Exclude every picture. Output verbatim the lines from the one containing "Ile kosztuje całe wyposażenie akwarium?" to the end of the data.

[Short web captions]

──────

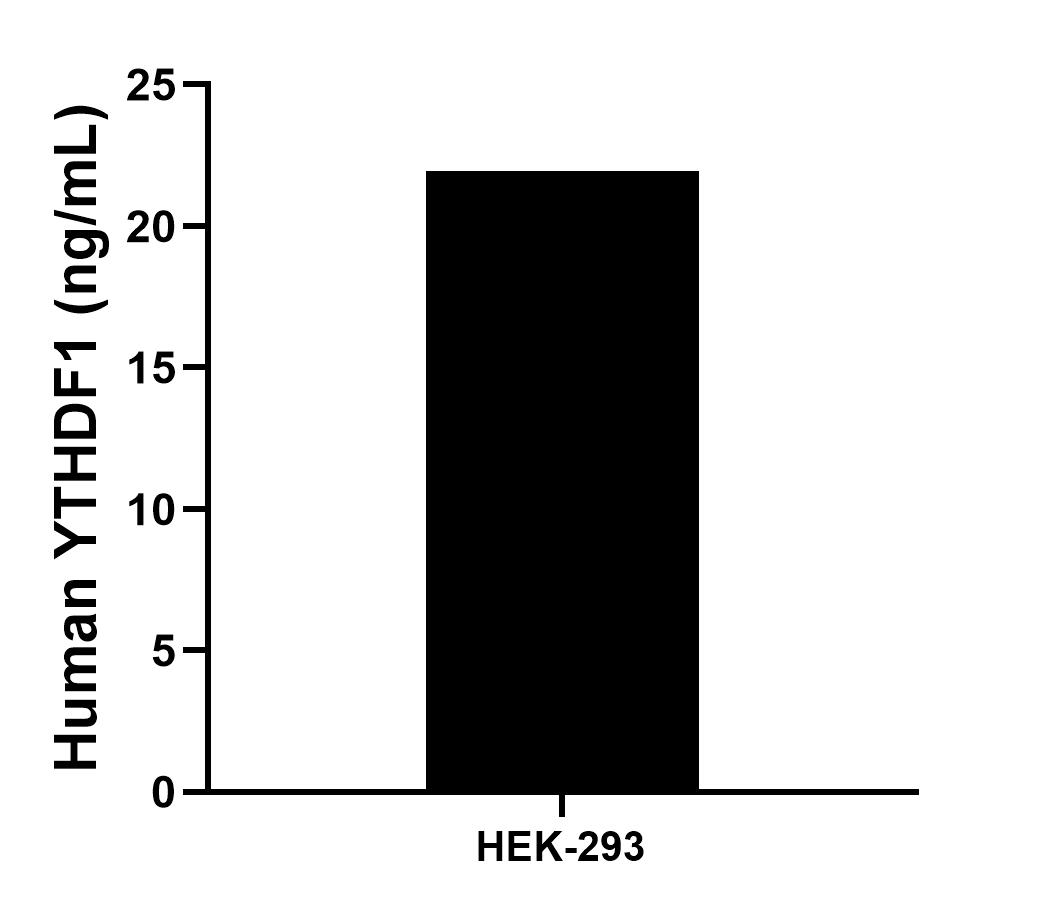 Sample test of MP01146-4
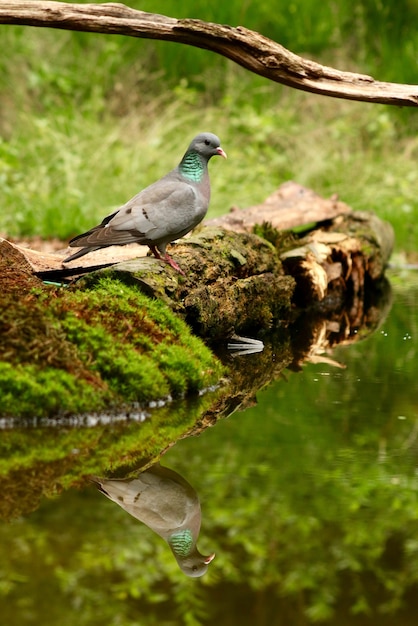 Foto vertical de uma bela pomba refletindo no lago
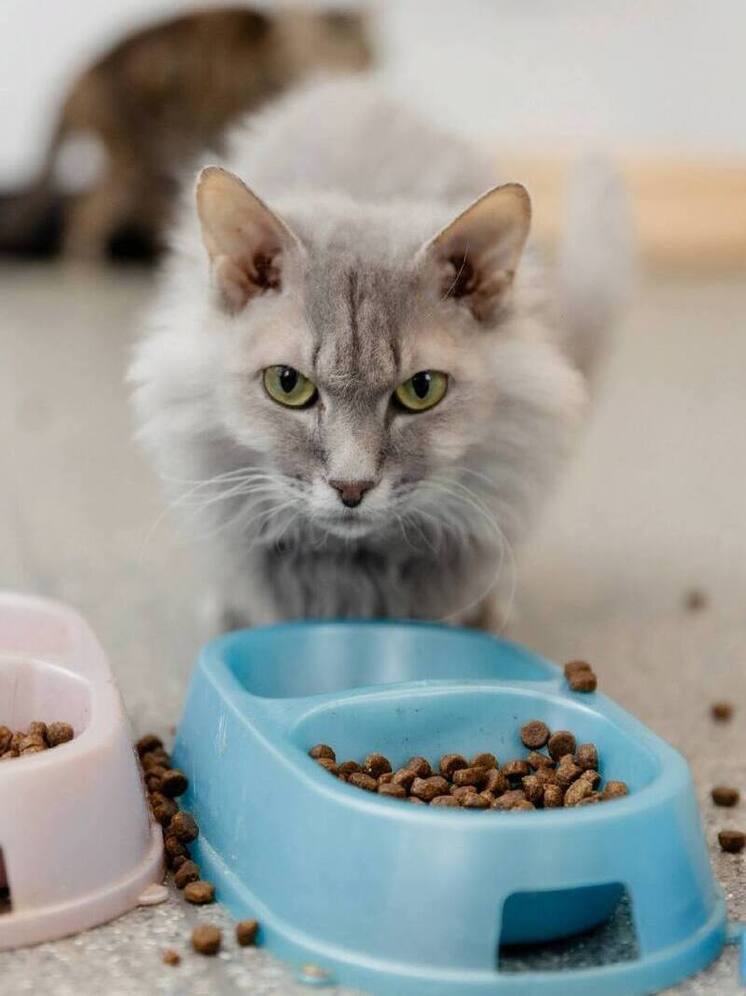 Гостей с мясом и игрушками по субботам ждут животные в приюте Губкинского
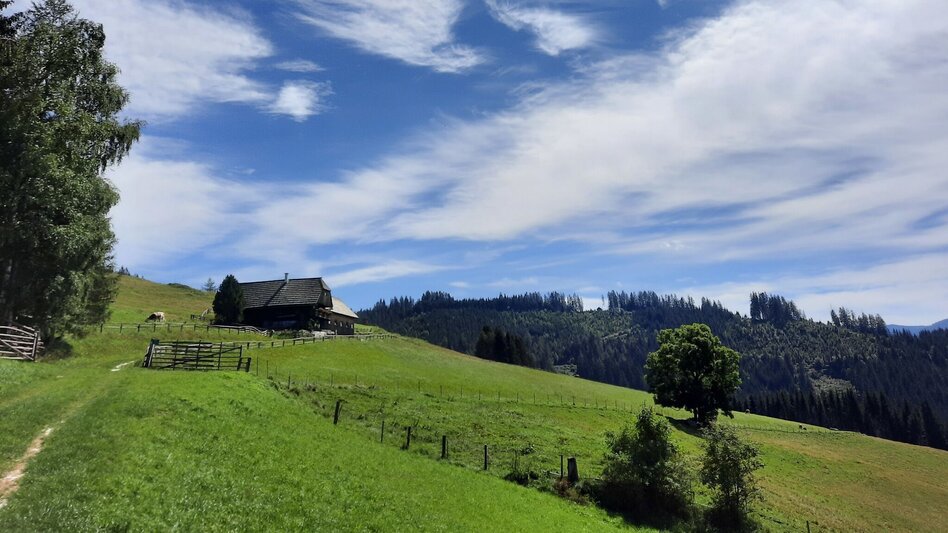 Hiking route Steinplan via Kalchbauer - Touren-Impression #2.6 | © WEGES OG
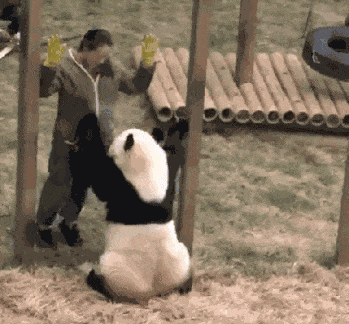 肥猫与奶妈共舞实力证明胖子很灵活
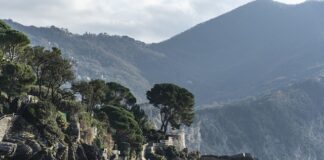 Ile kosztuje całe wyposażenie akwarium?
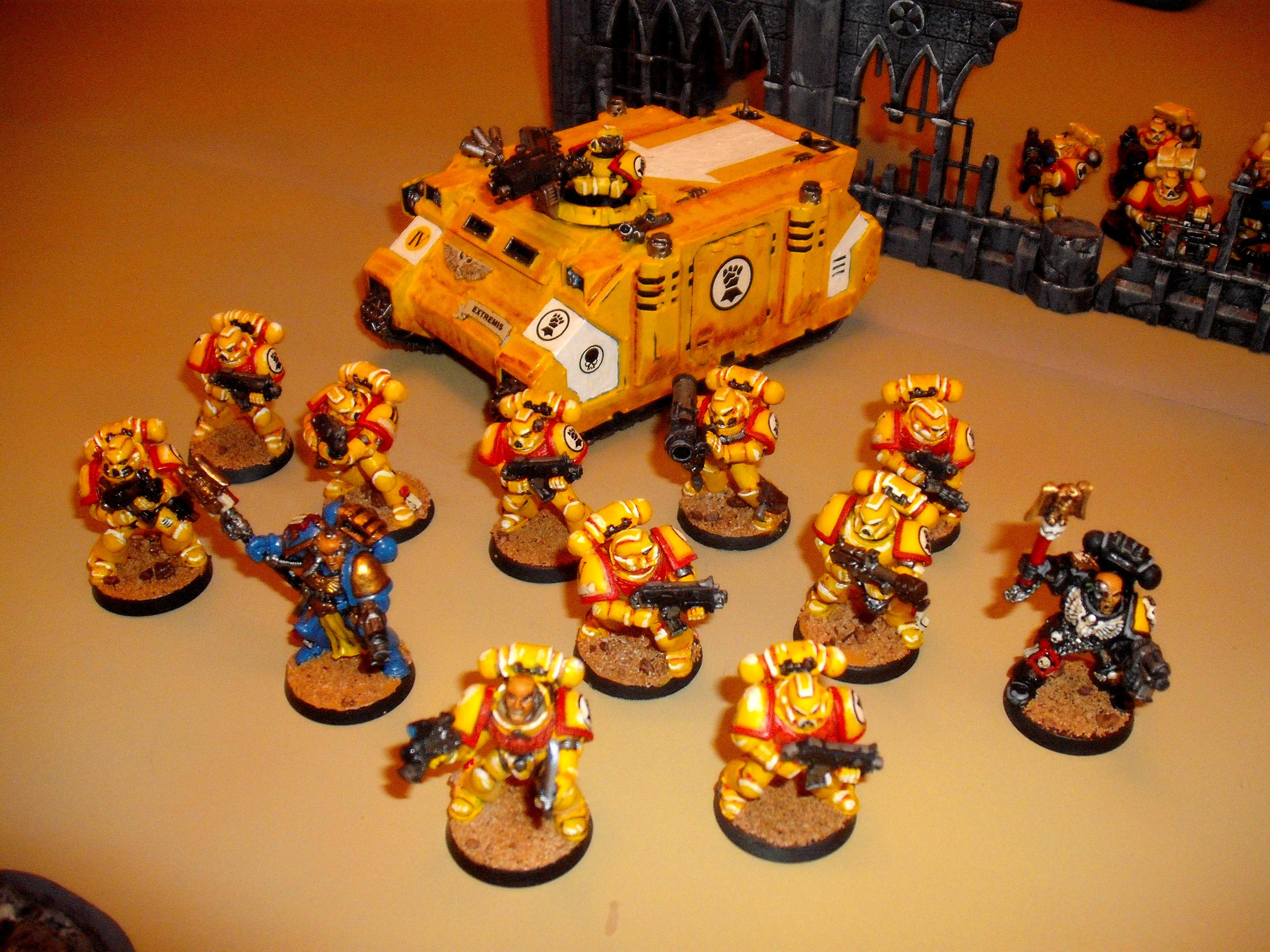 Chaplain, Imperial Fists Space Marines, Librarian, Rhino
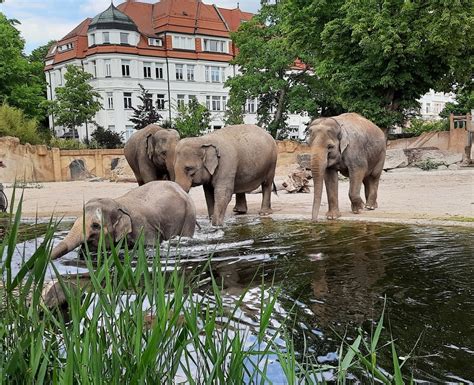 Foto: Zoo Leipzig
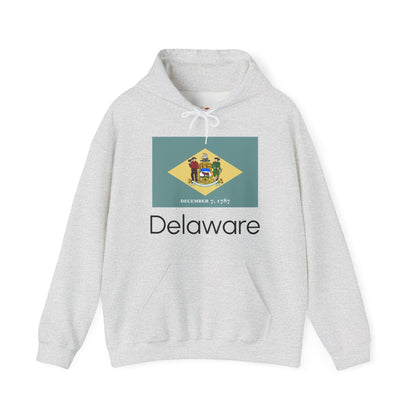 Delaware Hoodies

──────

[ANSWER BELOW]
 Ile kosztuje całe wyposażenie akwarium?
 Chaplain, Imperial Fists Space Marines, Librarian, Rhino
 Foto: Zoo Leipzig
 Delaware Hoodies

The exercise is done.